詩と短歌のコラボ/他者と共にある

詩と短歌のコラボ、していました。秋に。詩人の河津聖恵さんと。
テーマは路地。一ヶ月半くらいの間に、詩が30篇ほどと短歌が220首あまり。来月、作品集ができます。
こんなに短期間にこんなにたくさん書いたのもはじめてだし、第一歌集がかれこれ20年かかったのを考えると、こんなにすらすら本になるって、不思議なんだけれど、河津さんが、すらすらすすめてくれている。すごい。
できあがったものが何かは、読んでもらってのことですが、コラボはものすごく面白かった。

で、出版記念に何かしましょうか。何か案がありますか、と訊かれて、考え込んでいる。
思いつくことと言ったら、ゴミの山の学校のチラシを配っていいかしら、とか(ゴミ山の路地のこともたくさん書いたのだし)、募金箱置いていいかしら、とか、関連グッズを売っていいかしら、とか、そんなことぐらいで、こういうとき、詩人や歌人は何をするものなのか、さっぱりわかんない私だ。

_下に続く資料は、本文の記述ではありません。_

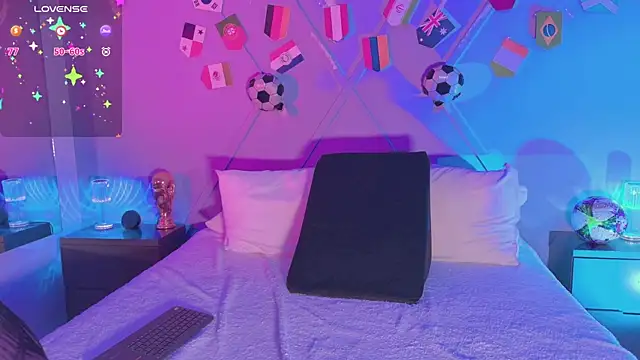 emmajohnss online show from 07/17/26, 03:57
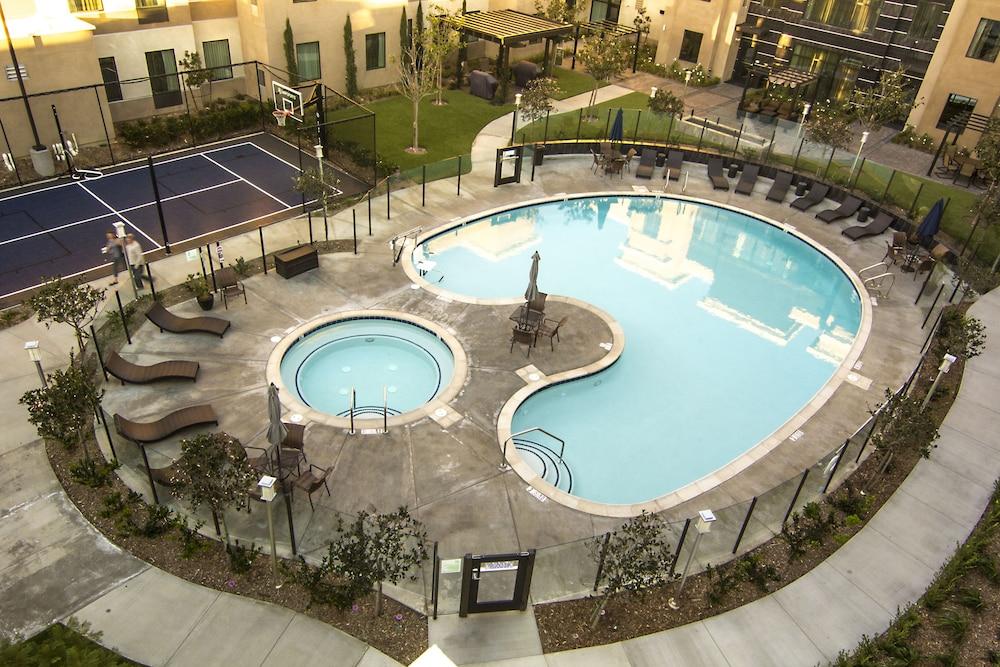 Holiday Inn Carlsbad — 10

話かわって、パアララン・パンタオは、なんと来年、開校20周年。
写真展しようか、というような案が出ています。子どもたちの絵でファイルをつくるとかも。
写真展、お金をかけずにやれればいいなあ。ファイルは、売れる売れないは別にして、スポンサーさんたちへのお礼につくりたいかなあ。もう十数年、支援をつづけてくれている人もいるので。元手を工面できるか、考えたいと思います。
20周年だもんね。20周年。レティ先生、凄すぎる。
私も、せめて自分が見てきたことは、書いておこうと思います。

イベント、というのは難しい。店出しなどは、収益のためでなくアリバイのためだとわりきったほうがいいくらい。赤字にならなければ上出来。でも、何かできることを探してあがいていれば、それを見かねて、天が味方してくれたりするだろうと、ひそかに強く思っています。

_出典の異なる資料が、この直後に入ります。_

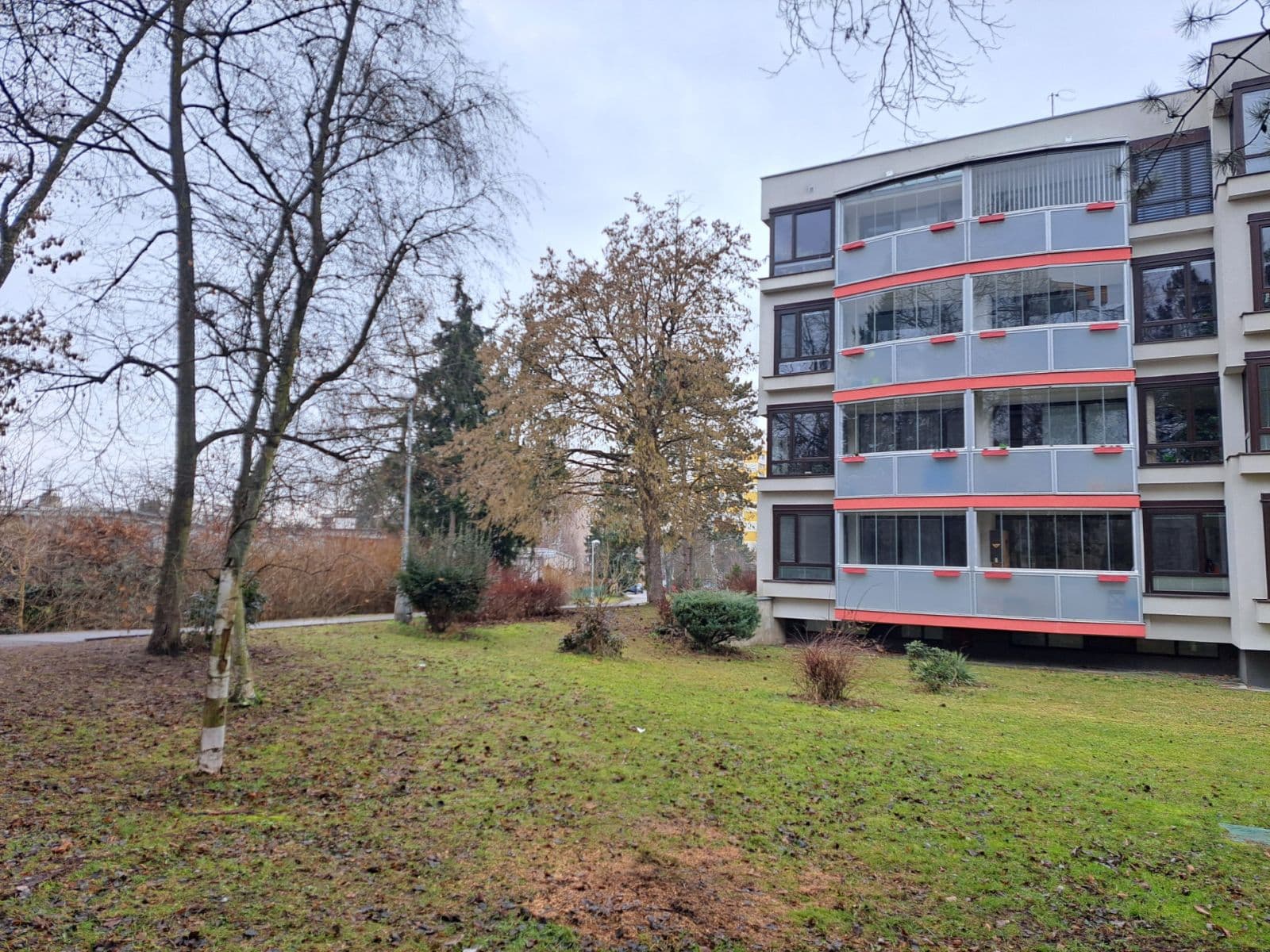 Pronájem bytu 1+1 50 m², Pod Zámečkem, Hradec Králové, Královéhradecký kraj Pronájem bytu 1+1 50 m², Pod Zámečkem, Hradec Králové, Královéhradecký kraj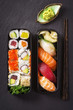 Bento Box mit Sushi und rolls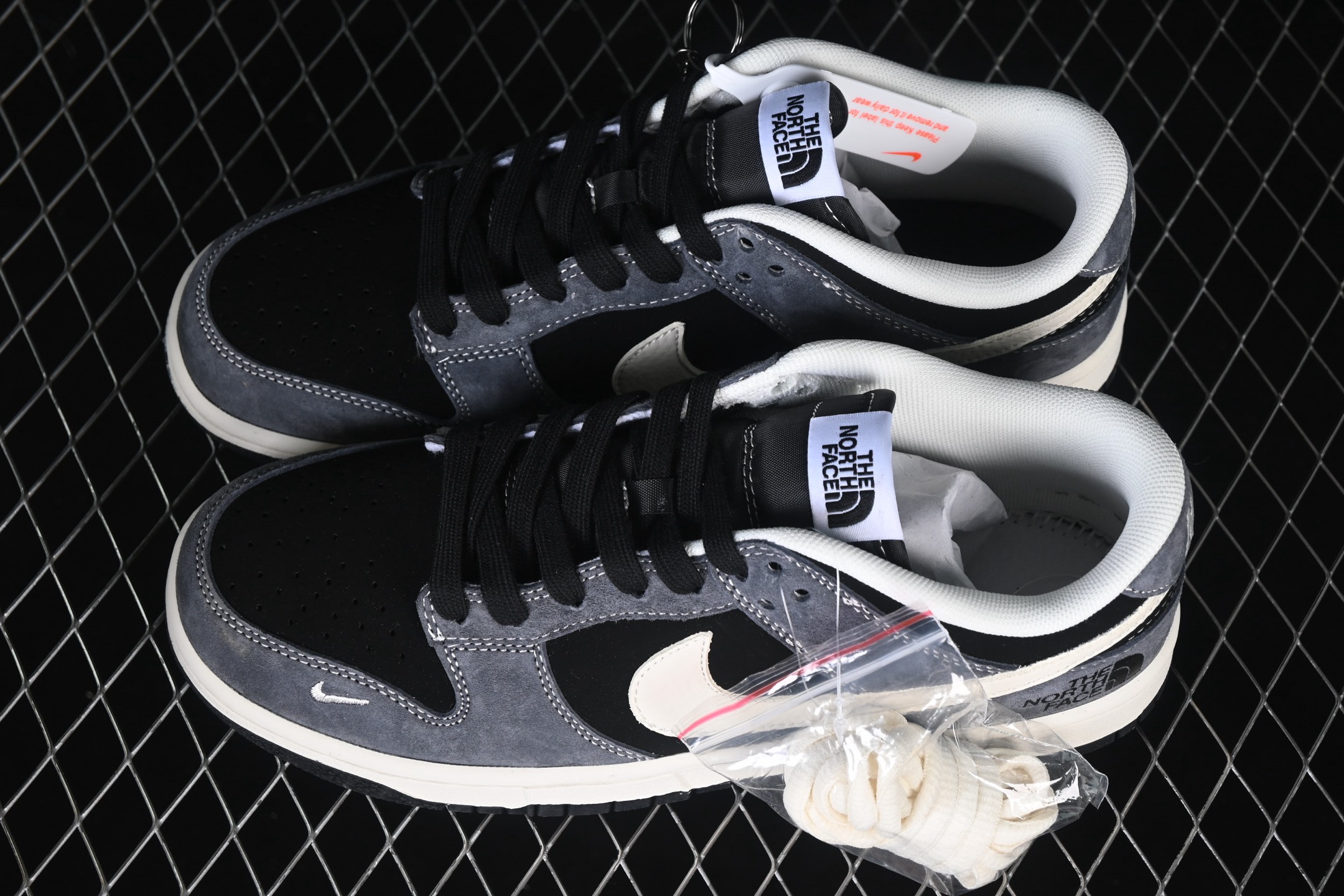 💰280公司级💰360纯原
Nike SB Dunk Low 北面联名 灰黑猪八革 周年高端定制 低帮休闲板鞋 DN3168-006
#定制鞋盒 大厂纯原品质出货 超高清洁度 皮料切割干净无任何毛边 细节完美 
尺码：36 36.5 37.5 38 38.5 39 40 40.5 41 42 42.5 43 44 44.5 45 9.E5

こんなことしても貧困は解決しないでしょ、とか、最近私は言われないけど、以前はよく言われた。その度に考え込んだもんだ。解決って、何だ。貧困はある。そこには人間がいる。問題はある。そこには人間がいる。人間の存在は、解決するものだろうか。
(最終解決──ナチスの収容所はそのためにつくられたわけですが。)

人間がいるのなら、一緒に生きてみるだけのことなのだった。
何かが解決するかしないかは結果論で、私たちはただ、一緒に生きてみる仕方を模索することができるだけなのだと思う。
そのほかに、できることはないと思う。

河津さんとのコラボ。寄り添って走ってくれる人がいるという感じが、幸福だった。しかも一歩ずつ、あれこれと美しい景色をひらいてくれる。そんなふうに、パアララン・パンタオに寄り添うことができるといい。
(そういえば、河津さんの詩論「ルリアンス」の副題は「他者と共にある詩」というのでした。)

きっと、どこかへ行きつくということは、ない。
うろうろと路地をめぐり、お金がないとか何だとか、おろおろしながら一生を過ぎていくだろう。いくだろうなあ。でもたぶん、楽しいような気がする。レティ先生や子どもたちや、友人たち、いてくれたら。

机にはゴミの山からやってきたキューピーさん。
背中に天使の羽根もある。なかにコインが入っているが、こわれていて、取り出せない(のが、なんだか人生だ)。